THE PROBLEM: Return exactly the lines of the records below, starting at the line that contains "Wing Commander Saga: TRAINER" and ending at the line that contains "Personnage s’excusant auprès", with both of those lines kept.

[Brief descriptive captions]
*** Begin section ***

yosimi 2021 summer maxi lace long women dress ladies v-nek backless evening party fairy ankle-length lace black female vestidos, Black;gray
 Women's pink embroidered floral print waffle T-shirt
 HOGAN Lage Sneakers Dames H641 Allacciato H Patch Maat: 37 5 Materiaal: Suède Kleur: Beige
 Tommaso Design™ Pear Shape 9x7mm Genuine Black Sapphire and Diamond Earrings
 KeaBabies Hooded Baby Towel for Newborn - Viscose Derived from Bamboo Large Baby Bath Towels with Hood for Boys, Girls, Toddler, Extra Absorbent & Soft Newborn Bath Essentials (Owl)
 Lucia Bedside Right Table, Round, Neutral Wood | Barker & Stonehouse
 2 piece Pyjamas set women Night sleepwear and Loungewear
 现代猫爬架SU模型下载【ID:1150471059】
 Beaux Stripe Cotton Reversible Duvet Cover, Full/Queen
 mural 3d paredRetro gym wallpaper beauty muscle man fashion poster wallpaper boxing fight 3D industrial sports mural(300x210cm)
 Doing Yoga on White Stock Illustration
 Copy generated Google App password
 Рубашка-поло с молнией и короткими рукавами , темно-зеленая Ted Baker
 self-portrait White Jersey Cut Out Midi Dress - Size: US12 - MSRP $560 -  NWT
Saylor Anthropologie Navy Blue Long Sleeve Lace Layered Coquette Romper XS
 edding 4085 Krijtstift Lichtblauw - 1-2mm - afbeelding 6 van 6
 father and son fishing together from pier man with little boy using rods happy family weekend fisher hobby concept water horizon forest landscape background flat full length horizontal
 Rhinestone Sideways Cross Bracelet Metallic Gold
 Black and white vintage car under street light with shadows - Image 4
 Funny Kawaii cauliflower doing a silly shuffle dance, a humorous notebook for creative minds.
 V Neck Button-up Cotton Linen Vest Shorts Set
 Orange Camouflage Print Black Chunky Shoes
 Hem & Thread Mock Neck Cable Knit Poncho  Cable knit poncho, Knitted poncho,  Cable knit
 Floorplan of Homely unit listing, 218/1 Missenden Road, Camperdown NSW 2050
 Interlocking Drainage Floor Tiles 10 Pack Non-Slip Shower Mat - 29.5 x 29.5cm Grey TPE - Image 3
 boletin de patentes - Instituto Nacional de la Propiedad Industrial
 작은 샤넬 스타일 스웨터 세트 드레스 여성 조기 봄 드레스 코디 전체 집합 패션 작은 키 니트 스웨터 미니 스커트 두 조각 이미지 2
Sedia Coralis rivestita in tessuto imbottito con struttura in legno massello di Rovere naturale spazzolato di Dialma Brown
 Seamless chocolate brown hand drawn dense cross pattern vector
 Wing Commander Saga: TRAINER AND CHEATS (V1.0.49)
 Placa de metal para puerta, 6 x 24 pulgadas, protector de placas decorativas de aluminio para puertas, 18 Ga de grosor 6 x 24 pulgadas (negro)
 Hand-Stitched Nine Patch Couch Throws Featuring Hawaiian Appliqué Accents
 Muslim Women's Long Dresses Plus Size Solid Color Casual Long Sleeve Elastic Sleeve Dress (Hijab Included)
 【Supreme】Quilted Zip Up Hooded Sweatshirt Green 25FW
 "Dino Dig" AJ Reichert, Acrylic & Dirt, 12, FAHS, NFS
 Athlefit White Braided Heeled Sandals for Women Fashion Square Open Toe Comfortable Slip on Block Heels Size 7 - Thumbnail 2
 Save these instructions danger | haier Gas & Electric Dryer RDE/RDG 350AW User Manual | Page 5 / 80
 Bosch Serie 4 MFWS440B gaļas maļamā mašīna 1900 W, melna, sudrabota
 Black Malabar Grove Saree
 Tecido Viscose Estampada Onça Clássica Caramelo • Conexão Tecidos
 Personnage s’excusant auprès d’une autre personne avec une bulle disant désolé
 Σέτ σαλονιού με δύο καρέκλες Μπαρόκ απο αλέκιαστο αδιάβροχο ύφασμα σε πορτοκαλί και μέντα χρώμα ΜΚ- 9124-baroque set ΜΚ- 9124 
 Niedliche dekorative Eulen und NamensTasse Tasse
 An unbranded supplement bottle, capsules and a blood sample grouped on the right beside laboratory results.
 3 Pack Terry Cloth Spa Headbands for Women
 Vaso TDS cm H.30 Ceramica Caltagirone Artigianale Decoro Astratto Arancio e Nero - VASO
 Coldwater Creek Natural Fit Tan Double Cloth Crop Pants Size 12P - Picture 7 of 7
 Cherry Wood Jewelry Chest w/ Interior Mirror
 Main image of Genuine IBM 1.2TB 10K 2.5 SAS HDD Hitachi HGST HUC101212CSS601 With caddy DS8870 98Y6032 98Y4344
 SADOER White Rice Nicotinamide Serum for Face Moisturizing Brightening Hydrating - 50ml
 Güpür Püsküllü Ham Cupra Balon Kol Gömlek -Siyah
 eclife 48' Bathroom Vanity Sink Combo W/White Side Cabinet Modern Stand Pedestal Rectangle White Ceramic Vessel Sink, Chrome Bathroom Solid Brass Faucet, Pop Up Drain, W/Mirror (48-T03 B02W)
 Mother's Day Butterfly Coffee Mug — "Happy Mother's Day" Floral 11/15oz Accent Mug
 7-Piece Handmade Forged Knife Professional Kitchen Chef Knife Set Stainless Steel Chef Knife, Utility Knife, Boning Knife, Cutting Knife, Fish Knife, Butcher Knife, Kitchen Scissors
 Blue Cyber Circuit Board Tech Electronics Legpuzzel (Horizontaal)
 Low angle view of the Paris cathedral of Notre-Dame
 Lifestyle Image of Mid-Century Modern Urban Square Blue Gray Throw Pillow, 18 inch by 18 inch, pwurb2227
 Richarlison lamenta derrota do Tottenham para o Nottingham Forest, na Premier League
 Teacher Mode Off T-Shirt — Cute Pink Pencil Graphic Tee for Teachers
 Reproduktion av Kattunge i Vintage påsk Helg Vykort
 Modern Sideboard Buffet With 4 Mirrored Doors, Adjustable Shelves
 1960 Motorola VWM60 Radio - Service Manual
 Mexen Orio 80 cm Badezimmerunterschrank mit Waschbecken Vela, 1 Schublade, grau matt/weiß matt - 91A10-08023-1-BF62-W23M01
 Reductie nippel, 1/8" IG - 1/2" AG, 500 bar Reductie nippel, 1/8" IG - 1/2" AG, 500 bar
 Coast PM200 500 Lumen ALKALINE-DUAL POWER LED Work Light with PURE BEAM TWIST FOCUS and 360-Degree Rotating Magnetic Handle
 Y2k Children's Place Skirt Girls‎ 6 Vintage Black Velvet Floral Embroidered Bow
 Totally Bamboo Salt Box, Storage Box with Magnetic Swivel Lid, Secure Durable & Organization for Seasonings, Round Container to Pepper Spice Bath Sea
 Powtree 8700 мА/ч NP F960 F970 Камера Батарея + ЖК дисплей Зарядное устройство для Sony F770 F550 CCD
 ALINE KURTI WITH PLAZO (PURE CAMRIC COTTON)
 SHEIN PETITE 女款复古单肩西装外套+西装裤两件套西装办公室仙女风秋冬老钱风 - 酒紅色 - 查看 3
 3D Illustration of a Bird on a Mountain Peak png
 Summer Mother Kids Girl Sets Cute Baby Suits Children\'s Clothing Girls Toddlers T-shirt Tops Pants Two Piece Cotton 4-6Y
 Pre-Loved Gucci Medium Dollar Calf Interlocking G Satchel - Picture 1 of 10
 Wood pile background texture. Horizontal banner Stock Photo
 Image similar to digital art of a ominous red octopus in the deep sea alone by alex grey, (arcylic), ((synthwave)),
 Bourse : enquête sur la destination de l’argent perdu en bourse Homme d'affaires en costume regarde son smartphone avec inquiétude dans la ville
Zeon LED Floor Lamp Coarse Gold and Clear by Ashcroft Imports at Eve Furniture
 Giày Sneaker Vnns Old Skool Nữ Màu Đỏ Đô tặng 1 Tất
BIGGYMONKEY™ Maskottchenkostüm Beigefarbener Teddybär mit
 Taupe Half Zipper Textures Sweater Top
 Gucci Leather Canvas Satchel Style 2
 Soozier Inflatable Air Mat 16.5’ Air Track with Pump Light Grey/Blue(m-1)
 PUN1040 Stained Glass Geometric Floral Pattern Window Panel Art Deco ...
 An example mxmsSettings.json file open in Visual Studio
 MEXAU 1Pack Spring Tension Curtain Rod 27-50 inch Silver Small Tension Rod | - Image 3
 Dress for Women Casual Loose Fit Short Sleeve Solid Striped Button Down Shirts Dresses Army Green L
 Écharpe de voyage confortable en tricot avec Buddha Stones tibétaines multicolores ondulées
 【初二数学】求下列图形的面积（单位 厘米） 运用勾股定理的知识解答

*** End section ***

WRITTEN ANSWER:
 Wing Commander Saga: TRAINER AND CHEATS (V1.0.49)
 Placa de metal para puerta, 6 x 24 pulgadas, protector de placas decorativas de aluminio para puertas, 18 Ga de grosor 6 x 24 pulgadas (negro)
 Hand-Stitched Nine Patch Couch Throws Featuring Hawaiian Appliqué Accents
 Muslim Women's Long Dresses Plus Size Solid Color Casual Long Sleeve Elastic Sleeve Dress (Hijab Included)
 【Supreme】Quilted Zip Up Hooded Sweatshirt Green 25FW
 "Dino Dig" AJ Reichert, Acrylic & Dirt, 12, FAHS, NFS
 Athlefit White Braided Heeled Sandals for Women Fashion Square Open Toe Comfortable Slip on Block Heels Size 7 - Thumbnail 2
 Save these instructions danger | haier Gas & Electric Dryer RDE/RDG 350AW User Manual | Page 5 / 80
 Bosch Serie 4 MFWS440B gaļas maļamā mašīna 1900 W, melna, sudrabota
 Black Malabar Grove Saree
 Tecido Viscose Estampada Onça Clássica Caramelo • Conexão Tecidos
 Personnage s’excusant auprès d’une autre personne avec une bulle disant désolé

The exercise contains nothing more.